| Records from a collection |
____________________
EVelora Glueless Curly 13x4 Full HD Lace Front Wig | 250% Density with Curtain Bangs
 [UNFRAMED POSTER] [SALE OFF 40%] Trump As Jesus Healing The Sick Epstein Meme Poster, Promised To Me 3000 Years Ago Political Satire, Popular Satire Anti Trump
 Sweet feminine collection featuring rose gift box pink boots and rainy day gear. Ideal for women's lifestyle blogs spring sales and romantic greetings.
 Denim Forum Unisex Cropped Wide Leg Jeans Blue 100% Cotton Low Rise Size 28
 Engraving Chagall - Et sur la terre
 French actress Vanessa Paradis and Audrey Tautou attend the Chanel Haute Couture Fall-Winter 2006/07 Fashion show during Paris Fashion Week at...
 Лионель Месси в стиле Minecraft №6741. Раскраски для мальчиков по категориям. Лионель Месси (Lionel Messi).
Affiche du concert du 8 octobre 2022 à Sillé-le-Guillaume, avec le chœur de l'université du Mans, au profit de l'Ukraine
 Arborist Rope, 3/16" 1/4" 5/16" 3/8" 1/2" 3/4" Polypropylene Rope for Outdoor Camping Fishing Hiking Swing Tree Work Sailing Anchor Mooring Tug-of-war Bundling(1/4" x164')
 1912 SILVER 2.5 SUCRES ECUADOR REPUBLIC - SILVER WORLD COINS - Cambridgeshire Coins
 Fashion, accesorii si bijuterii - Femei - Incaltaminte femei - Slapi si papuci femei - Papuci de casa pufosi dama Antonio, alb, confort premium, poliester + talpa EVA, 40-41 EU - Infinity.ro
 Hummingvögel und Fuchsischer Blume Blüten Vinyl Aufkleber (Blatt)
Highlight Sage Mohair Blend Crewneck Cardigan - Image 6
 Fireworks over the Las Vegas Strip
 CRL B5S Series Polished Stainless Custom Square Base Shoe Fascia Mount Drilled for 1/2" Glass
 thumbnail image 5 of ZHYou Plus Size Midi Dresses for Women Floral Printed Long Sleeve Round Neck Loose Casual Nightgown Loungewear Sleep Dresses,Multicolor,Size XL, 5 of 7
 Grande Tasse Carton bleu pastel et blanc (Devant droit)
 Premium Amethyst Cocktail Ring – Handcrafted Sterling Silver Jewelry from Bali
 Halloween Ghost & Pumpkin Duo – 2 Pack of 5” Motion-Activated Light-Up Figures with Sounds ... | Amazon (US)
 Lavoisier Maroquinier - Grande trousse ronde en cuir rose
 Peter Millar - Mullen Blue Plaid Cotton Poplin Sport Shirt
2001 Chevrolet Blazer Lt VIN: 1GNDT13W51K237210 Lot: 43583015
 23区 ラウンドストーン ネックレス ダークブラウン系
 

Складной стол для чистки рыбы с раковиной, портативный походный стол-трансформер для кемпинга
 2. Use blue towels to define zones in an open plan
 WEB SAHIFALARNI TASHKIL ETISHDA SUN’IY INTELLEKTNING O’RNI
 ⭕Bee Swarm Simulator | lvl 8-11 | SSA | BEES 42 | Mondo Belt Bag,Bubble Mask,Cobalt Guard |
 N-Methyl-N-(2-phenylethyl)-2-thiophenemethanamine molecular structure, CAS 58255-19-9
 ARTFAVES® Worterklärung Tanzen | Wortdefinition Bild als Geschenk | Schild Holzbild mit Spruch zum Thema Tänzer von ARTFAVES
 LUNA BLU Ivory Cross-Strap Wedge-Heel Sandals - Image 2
____________________
| YOUR OBJECTIVE |
Repeat back all entries verbatim.

| RESULT |
EVelora Glueless Curly 13x4 Full HD Lace Front Wig | 250% Density with Curtain Bangs
 [UNFRAMED POSTER] [SALE OFF 40%] Trump As Jesus Healing The Sick Epstein Meme Poster, Promised To Me 3000 Years Ago Political Satire, Popular Satire Anti Trump
 Sweet feminine collection featuring rose gift box pink boots and rainy day gear. Ideal for women's lifestyle blogs spring sales and romantic greetings.
 Denim Forum Unisex Cropped Wide Leg Jeans Blue 100% Cotton Low Rise Size 28
 Engraving Chagall - Et sur la terre
 French actress Vanessa Paradis and Audrey Tautou attend the Chanel Haute Couture Fall-Winter 2006/07 Fashion show during Paris Fashion Week at...
 Лионель Месси в стиле Minecraft №6741. Раскраски для мальчиков по категориям. Лионель Месси (Lionel Messi).
Affiche du concert du 8 octobre 2022 à Sillé-le-Guillaume, avec le chœur de l'université du Mans, au profit de l'Ukraine
 Arborist Rope, 3/16" 1/4" 5/16" 3/8" 1/2" 3/4" Polypropylene Rope for Outdoor Camping Fishing Hiking Swing Tree Work Sailing Anchor Mooring Tug-of-war Bundling(1/4" x164')
 1912 SILVER 2.5 SUCRES ECUADOR REPUBLIC - SILVER WORLD COINS - Cambridgeshire Coins
 Fashion, accesorii si bijuterii - Femei - Incaltaminte femei - Slapi si papuci femei - Papuci de casa pufosi dama Antonio, alb, confort premium, poliester + talpa EVA, 40-41 EU - Infinity.ro
 Hummingvögel und Fuchsischer Blume Blüten Vinyl Aufkleber (Blatt)
Highlight Sage Mohair Blend Crewneck Cardigan - Image 6
 Fireworks over the Las Vegas Strip
 CRL B5S Series Polished Stainless Custom Square Base Shoe Fascia Mount Drilled for 1/2" Glass
 thumbnail image 5 of ZHYou Plus Size Midi Dresses for Women Floral Printed Long Sleeve Round Neck Loose Casual Nightgown Loungewear Sleep Dresses,Multicolor,Size XL, 5 of 7
 Grande Tasse Carton bleu pastel et blanc (Devant droit)
 Premium Amethyst Cocktail Ring – Handcrafted Sterling Silver Jewelry from Bali
 Halloween Ghost & Pumpkin Duo – 2 Pack of 5” Motion-Activated Light-Up Figures with Sounds ... | Amazon (US)
 Lavoisier Maroquinier - Grande trousse ronde en cuir rose
 Peter Millar - Mullen Blue Plaid Cotton Poplin Sport Shirt
2001 Chevrolet Blazer Lt VIN: 1GNDT13W51K237210 Lot: 43583015
 23区 ラウンドストーン ネックレス ダークブラウン系
 

Складной стол для чистки рыбы с раковиной, портативный походный стол-трансформер для кемпинга
 2. Use blue towels to define zones in an open plan
 WEB SAHIFALARNI TASHKIL ETISHDA SUN’IY INTELLEKTNING O’RNI
 ⭕Bee Swarm Simulator | lvl 8-11 | SSA | BEES 42 | Mondo Belt Bag,Bubble Mask,Cobalt Guard |
 N-Methyl-N-(2-phenylethyl)-2-thiophenemethanamine molecular structure, CAS 58255-19-9
 ARTFAVES® Worterklärung Tanzen | Wortdefinition Bild als Geschenk | Schild Holzbild mit Spruch zum Thema Tänzer von ARTFAVES
 LUNA BLU Ivory Cross-Strap Wedge-Heel Sandals - Image 2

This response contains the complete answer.